Upper Tribunal gives guidance on the Chikwamba principle, by Ed Mynott
In the newly reported Upper Tribunal case of Hayat (nature of Chikwamba principle) Pakistan [2011] UKUT 00444 (IAC), a panel comprising Lord Menzies and Upper Tribunal Judge PR Lane has addressed the situation where in an Article 8 private and family life case, the only reason given by the Secretary of State for refusing the claim is that the applicant should return to the country of their nationality in order to make an application from overseas. This issue was famously tackled by the House of Lords in Chikwamba. The appellant in Chikwamba was a female Zimbabwean, who had unsuccessfully sought asylum in the United Kingdom and, whilst here, had married a Zimbabwean national, who had been granted refugee status. The couple had a daughter, aged 4 at the date of the House of Lords hearings. Their lordships held unanimously that it would be a violation of the appellant’s Article 8 rights to require her to leave the United Kingdom, with Lord Brown holding that:
44...only comparatively rarely, certainly in family cases involving children, should an article 8 appeal be dismissed on the basis that it would be proportionate and more appropriate for the appellant to apply for leave from abroad..

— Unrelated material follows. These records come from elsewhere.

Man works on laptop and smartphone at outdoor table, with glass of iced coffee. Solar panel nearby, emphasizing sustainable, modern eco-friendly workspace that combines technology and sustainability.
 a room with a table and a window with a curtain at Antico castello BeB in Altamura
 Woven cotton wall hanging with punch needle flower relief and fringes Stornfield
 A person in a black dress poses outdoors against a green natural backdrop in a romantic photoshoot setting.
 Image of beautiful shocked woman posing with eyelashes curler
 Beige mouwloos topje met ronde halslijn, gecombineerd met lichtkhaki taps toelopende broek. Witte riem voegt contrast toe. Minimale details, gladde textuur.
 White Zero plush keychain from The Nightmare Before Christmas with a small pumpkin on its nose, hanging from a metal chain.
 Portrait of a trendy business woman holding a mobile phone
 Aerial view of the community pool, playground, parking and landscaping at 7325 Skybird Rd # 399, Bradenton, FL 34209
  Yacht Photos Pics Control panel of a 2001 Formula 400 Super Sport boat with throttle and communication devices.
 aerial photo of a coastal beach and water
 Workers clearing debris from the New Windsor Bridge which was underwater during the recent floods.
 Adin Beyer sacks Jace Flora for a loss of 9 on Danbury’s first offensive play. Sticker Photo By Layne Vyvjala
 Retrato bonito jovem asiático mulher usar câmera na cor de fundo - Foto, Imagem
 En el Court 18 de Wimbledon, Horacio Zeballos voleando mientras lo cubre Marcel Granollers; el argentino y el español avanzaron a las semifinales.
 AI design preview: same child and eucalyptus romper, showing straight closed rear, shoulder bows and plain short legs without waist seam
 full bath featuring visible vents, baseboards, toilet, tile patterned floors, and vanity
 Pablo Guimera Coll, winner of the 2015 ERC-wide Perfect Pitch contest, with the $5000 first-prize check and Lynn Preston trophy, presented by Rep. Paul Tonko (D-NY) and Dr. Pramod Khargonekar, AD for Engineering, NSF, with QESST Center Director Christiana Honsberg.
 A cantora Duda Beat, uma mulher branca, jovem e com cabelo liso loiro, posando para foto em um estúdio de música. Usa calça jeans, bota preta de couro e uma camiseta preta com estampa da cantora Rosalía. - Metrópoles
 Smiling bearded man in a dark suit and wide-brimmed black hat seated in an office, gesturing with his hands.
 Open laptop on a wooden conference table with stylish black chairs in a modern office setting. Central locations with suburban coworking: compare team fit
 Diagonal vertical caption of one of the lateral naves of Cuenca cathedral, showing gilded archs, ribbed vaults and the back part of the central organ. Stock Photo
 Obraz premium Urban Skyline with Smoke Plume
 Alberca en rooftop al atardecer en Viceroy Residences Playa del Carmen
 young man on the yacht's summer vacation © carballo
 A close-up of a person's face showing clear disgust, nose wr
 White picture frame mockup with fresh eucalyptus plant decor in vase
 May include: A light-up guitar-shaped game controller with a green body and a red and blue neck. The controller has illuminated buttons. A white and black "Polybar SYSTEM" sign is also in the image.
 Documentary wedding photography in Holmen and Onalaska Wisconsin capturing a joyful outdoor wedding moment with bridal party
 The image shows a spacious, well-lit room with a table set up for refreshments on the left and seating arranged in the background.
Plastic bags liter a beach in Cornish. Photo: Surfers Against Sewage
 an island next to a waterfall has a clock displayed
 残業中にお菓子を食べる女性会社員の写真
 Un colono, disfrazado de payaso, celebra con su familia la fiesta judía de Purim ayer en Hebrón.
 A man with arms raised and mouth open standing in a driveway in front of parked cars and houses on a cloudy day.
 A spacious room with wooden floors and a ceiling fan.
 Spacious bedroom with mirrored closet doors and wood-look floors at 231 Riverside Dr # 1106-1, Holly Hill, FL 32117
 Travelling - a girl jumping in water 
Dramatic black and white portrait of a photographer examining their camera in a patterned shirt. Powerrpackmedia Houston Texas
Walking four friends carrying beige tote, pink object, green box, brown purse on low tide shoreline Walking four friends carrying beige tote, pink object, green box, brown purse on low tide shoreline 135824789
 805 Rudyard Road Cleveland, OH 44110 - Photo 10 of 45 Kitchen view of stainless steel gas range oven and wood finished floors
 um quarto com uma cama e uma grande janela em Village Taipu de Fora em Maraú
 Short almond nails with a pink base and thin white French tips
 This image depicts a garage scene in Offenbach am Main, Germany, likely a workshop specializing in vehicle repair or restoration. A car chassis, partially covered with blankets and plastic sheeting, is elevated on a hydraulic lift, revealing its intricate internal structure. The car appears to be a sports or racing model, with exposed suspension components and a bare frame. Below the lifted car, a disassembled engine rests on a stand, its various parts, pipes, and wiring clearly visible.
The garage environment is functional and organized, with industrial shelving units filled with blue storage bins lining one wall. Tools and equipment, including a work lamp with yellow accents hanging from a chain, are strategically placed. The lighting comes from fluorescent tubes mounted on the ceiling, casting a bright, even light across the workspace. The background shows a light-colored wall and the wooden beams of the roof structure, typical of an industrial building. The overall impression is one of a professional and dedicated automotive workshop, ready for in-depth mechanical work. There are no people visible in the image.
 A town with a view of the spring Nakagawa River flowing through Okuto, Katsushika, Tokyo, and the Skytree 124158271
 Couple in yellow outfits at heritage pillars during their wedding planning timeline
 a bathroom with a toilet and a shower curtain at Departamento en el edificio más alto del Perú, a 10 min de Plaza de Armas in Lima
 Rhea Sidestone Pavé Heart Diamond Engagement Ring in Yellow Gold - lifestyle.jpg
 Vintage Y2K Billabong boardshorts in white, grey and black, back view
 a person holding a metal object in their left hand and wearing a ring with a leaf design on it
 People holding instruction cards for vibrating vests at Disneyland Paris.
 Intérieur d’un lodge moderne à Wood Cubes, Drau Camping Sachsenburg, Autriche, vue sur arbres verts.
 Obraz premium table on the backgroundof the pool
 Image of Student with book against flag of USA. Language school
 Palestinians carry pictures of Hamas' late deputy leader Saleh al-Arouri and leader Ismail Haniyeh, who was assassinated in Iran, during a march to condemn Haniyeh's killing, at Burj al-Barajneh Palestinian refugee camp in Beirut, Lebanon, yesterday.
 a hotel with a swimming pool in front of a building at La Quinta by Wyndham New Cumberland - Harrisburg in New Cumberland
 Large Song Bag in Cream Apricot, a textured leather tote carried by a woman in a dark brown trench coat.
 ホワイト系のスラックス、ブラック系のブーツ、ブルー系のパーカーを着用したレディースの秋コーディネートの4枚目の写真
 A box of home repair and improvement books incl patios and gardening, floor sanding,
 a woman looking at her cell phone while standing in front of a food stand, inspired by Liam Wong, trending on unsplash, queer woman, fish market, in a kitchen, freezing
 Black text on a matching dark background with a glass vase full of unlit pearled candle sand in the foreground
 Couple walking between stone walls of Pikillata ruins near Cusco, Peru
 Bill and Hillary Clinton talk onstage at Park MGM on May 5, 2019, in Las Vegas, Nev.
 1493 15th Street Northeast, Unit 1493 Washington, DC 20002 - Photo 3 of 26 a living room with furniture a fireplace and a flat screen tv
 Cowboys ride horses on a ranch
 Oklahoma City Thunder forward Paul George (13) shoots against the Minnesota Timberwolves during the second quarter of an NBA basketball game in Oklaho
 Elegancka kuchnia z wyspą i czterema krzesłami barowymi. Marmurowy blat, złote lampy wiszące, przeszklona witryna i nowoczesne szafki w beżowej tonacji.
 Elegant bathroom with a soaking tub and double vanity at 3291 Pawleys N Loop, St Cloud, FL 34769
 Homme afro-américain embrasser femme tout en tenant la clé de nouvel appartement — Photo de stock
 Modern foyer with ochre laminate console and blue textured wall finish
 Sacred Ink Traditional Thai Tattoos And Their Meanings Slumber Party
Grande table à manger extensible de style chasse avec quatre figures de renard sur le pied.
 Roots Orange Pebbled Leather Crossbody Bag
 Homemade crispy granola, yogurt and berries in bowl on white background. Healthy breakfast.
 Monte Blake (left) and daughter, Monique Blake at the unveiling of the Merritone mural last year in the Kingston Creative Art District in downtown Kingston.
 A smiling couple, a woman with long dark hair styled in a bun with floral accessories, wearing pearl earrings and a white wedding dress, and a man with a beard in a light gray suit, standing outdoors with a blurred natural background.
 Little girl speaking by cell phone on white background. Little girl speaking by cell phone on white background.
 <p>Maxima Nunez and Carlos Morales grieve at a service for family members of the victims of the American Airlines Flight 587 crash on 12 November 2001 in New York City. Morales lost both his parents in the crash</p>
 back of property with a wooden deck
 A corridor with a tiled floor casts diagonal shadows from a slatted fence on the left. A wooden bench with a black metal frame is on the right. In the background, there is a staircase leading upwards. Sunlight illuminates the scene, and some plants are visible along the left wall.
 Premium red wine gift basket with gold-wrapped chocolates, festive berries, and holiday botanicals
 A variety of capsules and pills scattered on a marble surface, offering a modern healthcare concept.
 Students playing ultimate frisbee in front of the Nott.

The facts of the Hayat case were very different. An Article 8 claim was made by the husband of a Pakistani national who had originally entered as a student and had then extended her Leave under Tier 4 until 2014. The couple intended to leave the UK when that Leave expired but, in the meantime: “We have become heavily dependent on each other, and find it unthinkable to live apart”( Hayat, 5)
The Article 8 appeal was dismissed but the Upper Tribunal found that:
21... the determination in the present appeal is legally flawed. In particular, the Immigration Judge was wrong to conclude that the Chikwamba principle could be rendered inapplicable to the facts of the case before her, on the basis that the appellant “is not seeking leave to settle in the United Kingdom as a spouse”.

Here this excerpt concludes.